UGT8 ダブルニカースプラスミド(m)は、mouse 細胞株における Ugt8a 座の高特異性編集のために設計された、対となる2つのプラスミドから構成される。各プラスミドは、Cas9 D10Aニカースと、Ugt8a内の対向するDNA鎖を標的とする異なるsgRNAを発現する。対向するDNA鎖上の隣接する部位に誘導されると、2つのニカースはオフセットした一本鎖切断を生成し、これらが組み合わさってずれた二本鎖切断を生じさせる。これにより、両方のガイドによる協調的なオンターゲット活性が必要となる。生じたDNA切断は、細胞内の内在性修復経路、特に非相同末端結合(NHEJ)によって修復され、その結果、Ugt8aの機能を阻害する挿入または欠失が生じる。標的座標における2つのsgRNAの結合を必要とするこの二重ニッキング法は、編集の特異性を高め、標的精度に対するさらなる制御が求められる用途において、CRISPR戦略を補完するものである。
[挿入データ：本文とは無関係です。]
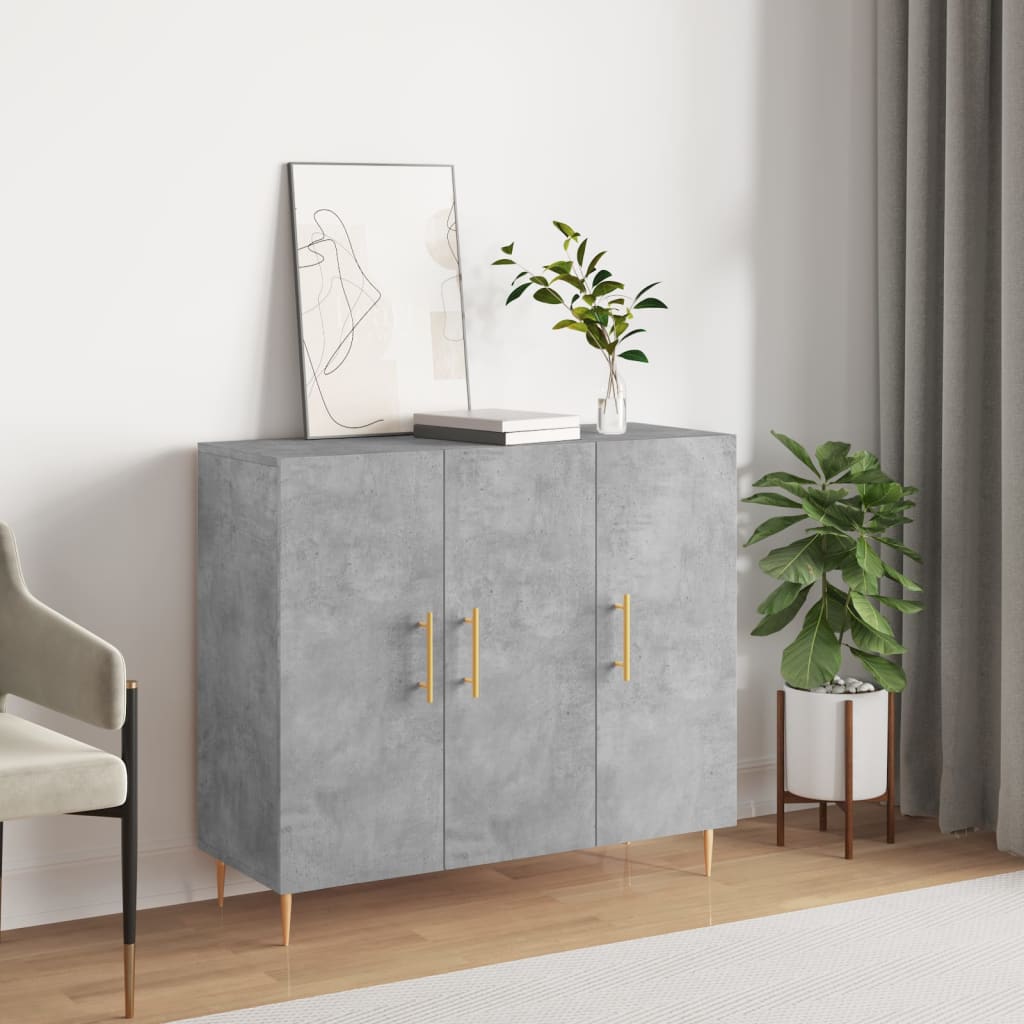 Skjenk betonggrå 90x34x80 cm konstruert tre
編集された細胞を効率的に同定するために、1つのプラスミドはトランスフェクトされた細胞集団を蛍光可視化するためのGFPをコードし、もう1つのプラスミドは抗生物質選別用のプロマイシン耐性遺伝子を保有しています。これらの機能により、共トランスフェクトされた細胞集団の効率的な濃縮が可能となり、Ugt8aが破壊されたクローンの検証が簡素化されます。
研究用のみ。診断用または治療用ではありません。